The report, from environmental think tank E3G and the Oxford Sustainable Finance Programme, simulated a scenario under which the world's largest oil companies would be forced to shift their business models in line with a 2C trajectory for global emissions, as agreed by governments under the Paris Agreement.
It is based on the results of a 'wargaming' experiment where decision-making by competing oil executives is simulated over several decades. Participants in the game that informed the study included current and former professionals in the extractives and investment industry.
It found that oil firms' best chance of commercial survival is to rapidly diversify from fossil fuels into alternative technologies such as renewable energy, and gradually retire upstream fossil fuel assets.
While a number of highprofile oil and gas firms have started to step up investment in cleaner energy in recent years, very few, if any, have acknowledged the need to start retiring fossil fuel assets.
"Out of five possible strategies, only 'managed decline' and 'first one out' are commercially viable options for International Oil Corporations ," said Ingrid Holmes, director at E3G. "These are the most difficult to implement as they require long-term planning and shifting investor attitudes."

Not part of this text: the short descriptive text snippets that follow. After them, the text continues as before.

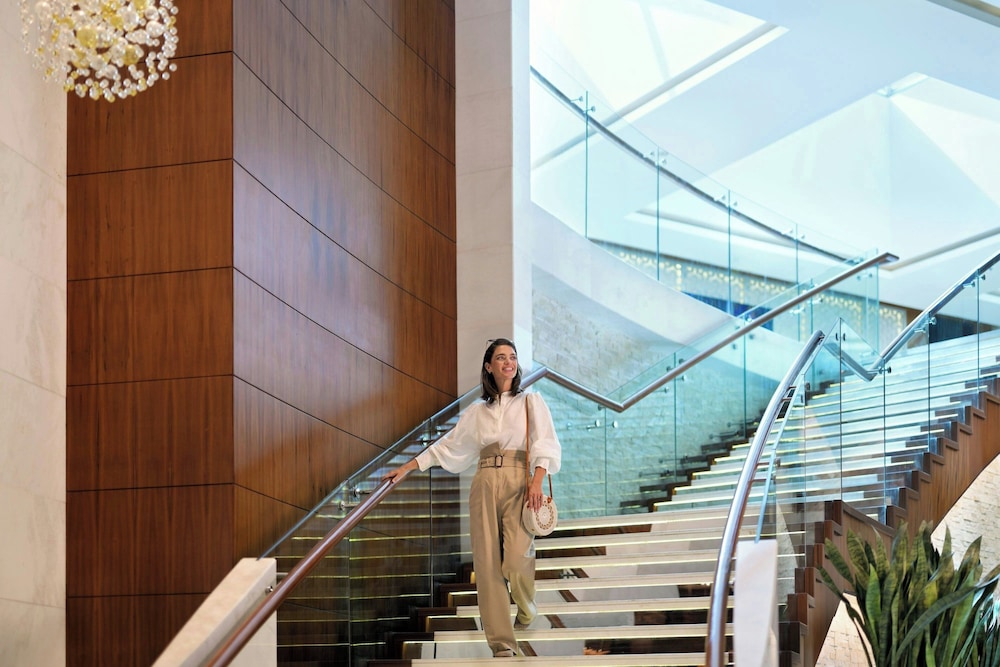 Marriott Hotel Al Jaddaf, Dubai — Hotel building in Dubai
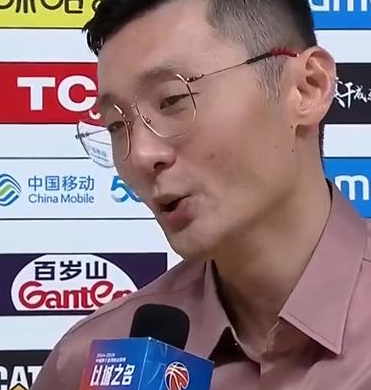 新疆男篮主教练刘炜谈球队险胜同曦系列赛大比分1比0领先。他表示：这是季后赛，每一
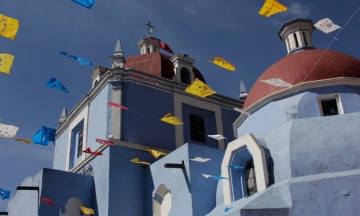 Retoman barrios poblanos tradición del Viacrucis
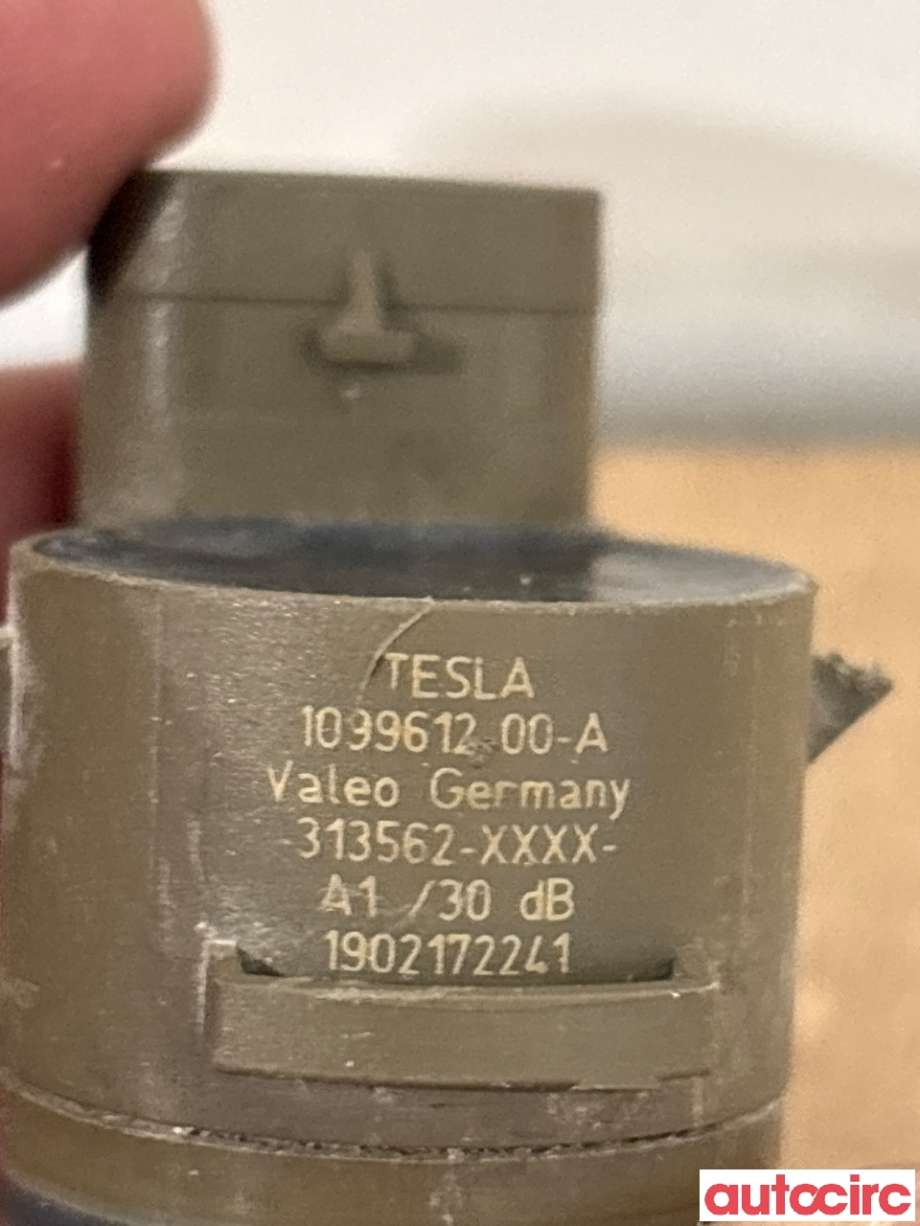 Parkeringssensor foran til Tesla Model X 2016-->>  (TESLA|1099612-00-D|)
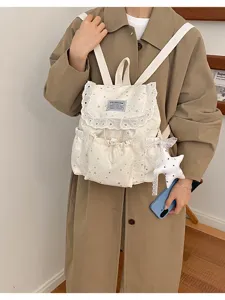 Vue détaillée du sac à dos en toile mignon avec volants en dentelle et étoiles.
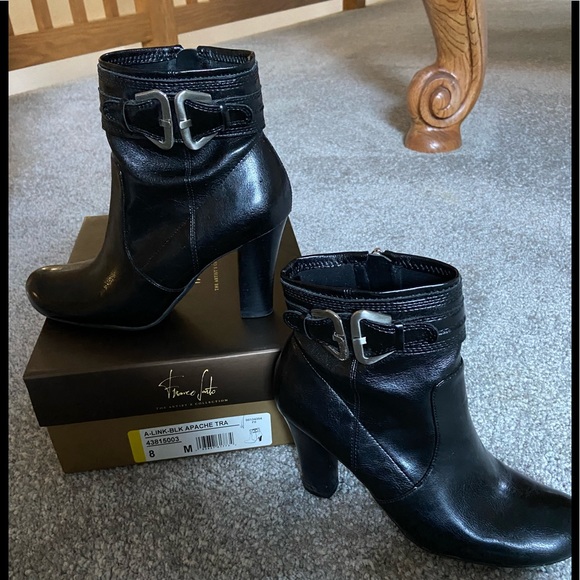Franco Sarto A Link Black Apache Trail Booties - Picture 1 of 11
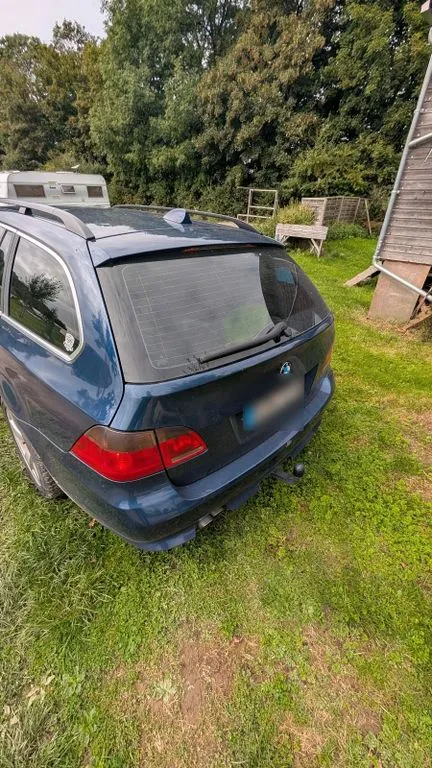BMW 525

But firms will have to be prepared to experience significant challenges in the short-term, warned Ben Caldecott, director of the Oxford Sustainable Finance Programme at the University of Oxford.
"Diversification at the speed required to ensure survival will entail lower dividend payments to shareholders, especially in the short to medium term," he said. "These are the kind of grown up conversations that companies and their investors need to have as soon as possible. A deal can be struck now between companies and their shareholders to ensure their long-term future and one that is also compatible with the rapid decarbonisation of the global economy."
The researchers also warned the costs associated with transitioning to a clean energy economy are likely to increase with time, so policymakers must act quickly to set out a clear pathway for investors and societies to minimise the financial impact.
The results follow reports from oil majors including Chevron and Exxon which for the first time spelled out the carbon majors' vulnerability to a 2C scenario. But while most oil companies acknowledged the rapid transition underway in their industries, they broadly concluded that the low-carbon shift poses little risk to their business strategy.
This is despite evidence suggesting investment decisions taken over the next few years could put $2.3tr of capital at risk unless oil and gas firms explicitly align their business strategies with a 2C scenario.
Talk of 'managed decline' and 'first one out' will be understandably to many within the oil industry, not to mention the treasuries around the world that rely on them for revenues. But the hope is that the latest report in a growing series of investigations on the implications of the 'carbon bubble' will serve as a wake up call. After all, it is increasingly hard to argue with the underlying logic the meeting the goals of the Paris Agreement means leaving fossil fuel assets in the ground. If demand for oil does start to decline as planned, then 'managed decline' may be the only option for the industry that dominated the last century.